Certes, ces deux données, qui pèsent pour 16 % environ ensemble de l'indice, impriment encore un rythme de hausse des prix notable sur un an : 3 % pour les aliments non transformés et 7,3 % pour l'énergie. Mais ce rythme s'explique principalement par un effet de base, autrement dit par le niveau très faible des prix de ces biens en mars 2016. Mais sur un mois, le rythme se réduit notablement de 2 points pour l'énergie et de 2,3 points pour les aliments non transformés.

Or, le reste de l'indice demeure frappé d'atonie. Pire même, loin de se transmettre aux autres biens et services, le renchérissement de l'énergie s'accompagne d'un affaiblissement notable du taux d'inflation sous-jacent, celui qui exclut les éléments « volatils » comme l'énergie, l'alimentation et le tabac. Ainsi, ce taux recule de 0,2 point en mars à 0,7 % sur un an contre 0,9 % enregistré entre décembre 2016 et février 2017. Il faut remonter à avril 2016 pour rencontrer un taux d'inflation sous-jacente aussi faible en zone euro.

Faiblesse de la demande

Dans le détail, on constate que si les prix industriels se stabilisent à son niveau très faible de 0,2 % de février (le plus faible depuis mai 2015), le prix des services s'affaiblit notablement à 1 % contre 1,3 % en février. C'est là aussi le plus faible niveau depuis mai 2016. Ces deux éléments reflètent avec éclat la faiblesse fondamentale de la demande en zone euro. Faute de dynamique salariale réelle, le renchérissement de l'énergie a entraîné une perte de pouvoir d'achat qui a conduit à un affaiblissement de la demande, notamment dans le domaine des ventes au détail. Les chiffres des ventes au détail en Allemagne en février, publiés par Destatis ce 31 mars, le prouvent : elles ont reculé sur un an de 2,1 %.

Il est donc absolument impossible pour les entreprises de transférer le renchérissement de l'énergie sur le consommateur, sauf à prendre le risque de voir la demande s'affaiblir davantage. Ce chiffre de l'inflation de mars montre donc que la tendance désinflationniste continue à être à l'œuvre en zone euro au-delà des évolutions parfois chaotiques du taux d'inflation global et de l'évolution du prix du pétrole. Il prouve aussi que compter sur un renchérissement de l'énergie pour sortir de cette désinflation est un leurre perdant qui peut déboucher sur une tendance désinflationniste renforcée, ce qui s'est produit en mars.

La BCE droit dans ses bottes, mais insuffisante

Rien ne justifie donc que la BCE ne baisse la garde.
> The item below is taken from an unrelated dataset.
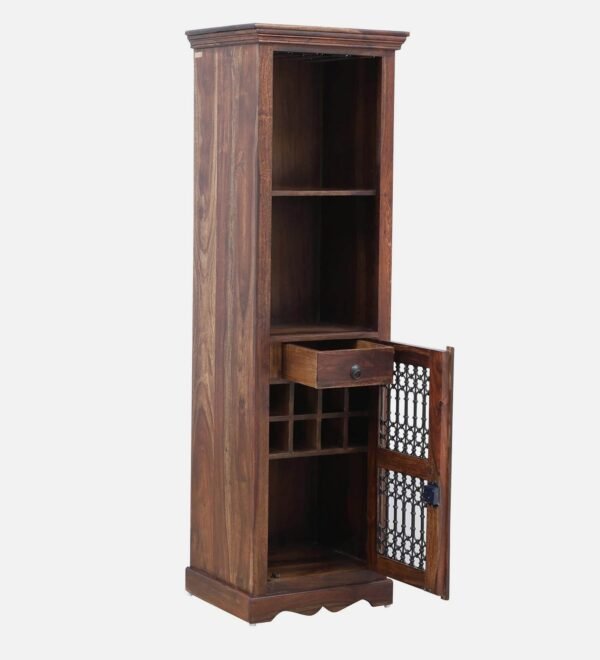 Stafford Sheesham Wood Bar Cabinet In Provincial Teak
Sortir de la politique actuelle de soutien à l'activité conduirait à renforcer la tendance désinflationniste et à désinciter encore davantage les entreprises à investir. Avant la réunion du Conseil des gouverneurs du 27 avril, ce chiffre donne donc des arguments à Mario Draghi pour tenir le cap. Mais il montre aussi les limites de la politique de la BCE engagée depuis maintenant près de trois années. La seule politique monétaire n'a pas montré sa capacité à agir suffisant sur la demande en zone euro. Le chiffre de l'inflation sous-jacente en mars prouve que la politique consistant à laisser la gestion de l'inflation à la seule BCE est inefficace. La demande d'octobre 2016 de la Commission européenne de relancer l'activité par de la dépense publique à hauteur de 0,5 % du PIB semble plus que jamais d'actualité. Elle a cependant été rejetée par l'Eurogroupe, laissant la zone euro accumuler les excédents extérieurs et l'inflation faible. Une situation qui pourrait peser sur son avenir à moyen terme.